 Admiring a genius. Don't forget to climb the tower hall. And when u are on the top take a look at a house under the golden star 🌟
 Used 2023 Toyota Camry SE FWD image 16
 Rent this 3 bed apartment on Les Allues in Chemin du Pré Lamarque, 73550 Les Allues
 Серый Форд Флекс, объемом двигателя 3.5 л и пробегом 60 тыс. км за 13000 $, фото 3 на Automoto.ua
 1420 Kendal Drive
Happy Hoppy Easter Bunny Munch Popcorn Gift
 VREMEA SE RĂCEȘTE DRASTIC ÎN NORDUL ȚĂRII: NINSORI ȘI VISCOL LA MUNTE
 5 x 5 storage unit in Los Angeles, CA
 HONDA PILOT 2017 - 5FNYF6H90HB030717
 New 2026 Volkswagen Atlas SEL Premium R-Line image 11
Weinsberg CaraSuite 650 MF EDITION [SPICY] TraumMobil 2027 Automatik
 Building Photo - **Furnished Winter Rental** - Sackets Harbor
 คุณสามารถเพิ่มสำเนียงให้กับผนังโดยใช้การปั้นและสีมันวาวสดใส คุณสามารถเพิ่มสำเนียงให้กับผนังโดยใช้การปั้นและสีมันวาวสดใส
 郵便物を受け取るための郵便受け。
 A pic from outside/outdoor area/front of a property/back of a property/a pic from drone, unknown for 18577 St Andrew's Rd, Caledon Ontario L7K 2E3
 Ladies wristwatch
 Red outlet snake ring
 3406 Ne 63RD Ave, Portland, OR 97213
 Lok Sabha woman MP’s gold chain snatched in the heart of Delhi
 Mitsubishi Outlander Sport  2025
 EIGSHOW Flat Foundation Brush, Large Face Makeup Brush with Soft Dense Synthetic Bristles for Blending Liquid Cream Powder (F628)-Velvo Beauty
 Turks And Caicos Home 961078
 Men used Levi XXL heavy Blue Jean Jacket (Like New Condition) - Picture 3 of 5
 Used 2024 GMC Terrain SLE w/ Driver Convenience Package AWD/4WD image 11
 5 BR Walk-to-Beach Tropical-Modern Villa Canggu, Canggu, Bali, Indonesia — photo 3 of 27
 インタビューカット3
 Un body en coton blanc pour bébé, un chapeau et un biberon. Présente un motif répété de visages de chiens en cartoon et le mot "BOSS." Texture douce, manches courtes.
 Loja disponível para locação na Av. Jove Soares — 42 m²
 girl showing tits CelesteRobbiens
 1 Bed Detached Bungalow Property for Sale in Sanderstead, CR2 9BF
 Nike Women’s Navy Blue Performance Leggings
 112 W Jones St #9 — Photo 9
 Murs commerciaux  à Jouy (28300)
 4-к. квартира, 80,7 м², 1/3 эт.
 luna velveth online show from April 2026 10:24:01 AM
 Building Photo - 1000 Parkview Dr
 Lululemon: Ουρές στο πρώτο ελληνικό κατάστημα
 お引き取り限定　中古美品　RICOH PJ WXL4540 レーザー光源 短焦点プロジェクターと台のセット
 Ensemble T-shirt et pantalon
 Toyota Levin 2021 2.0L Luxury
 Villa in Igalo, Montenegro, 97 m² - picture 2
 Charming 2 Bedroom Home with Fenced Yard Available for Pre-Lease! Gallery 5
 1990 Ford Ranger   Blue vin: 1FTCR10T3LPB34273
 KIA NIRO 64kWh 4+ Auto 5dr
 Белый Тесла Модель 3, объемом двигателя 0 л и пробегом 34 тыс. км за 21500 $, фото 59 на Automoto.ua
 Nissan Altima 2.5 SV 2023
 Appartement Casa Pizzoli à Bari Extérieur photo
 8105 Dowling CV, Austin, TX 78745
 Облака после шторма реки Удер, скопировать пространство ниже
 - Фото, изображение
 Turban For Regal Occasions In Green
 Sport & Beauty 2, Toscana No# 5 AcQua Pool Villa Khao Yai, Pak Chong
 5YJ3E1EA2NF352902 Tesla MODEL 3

● ● ● ●

What you need to do => Sift through the material above and copy each line that holds "двигателя".

Task answer =>
 Серый Форд Флекс, объемом двигателя 3.5 л и пробегом 60 тыс. км за 13000 $, фото 3 на Automoto.ua
 Белый Тесла Модель 3, объемом двигателя 0 л и пробегом 34 тыс. км за 21500 $, фото 59 на Automoto.ua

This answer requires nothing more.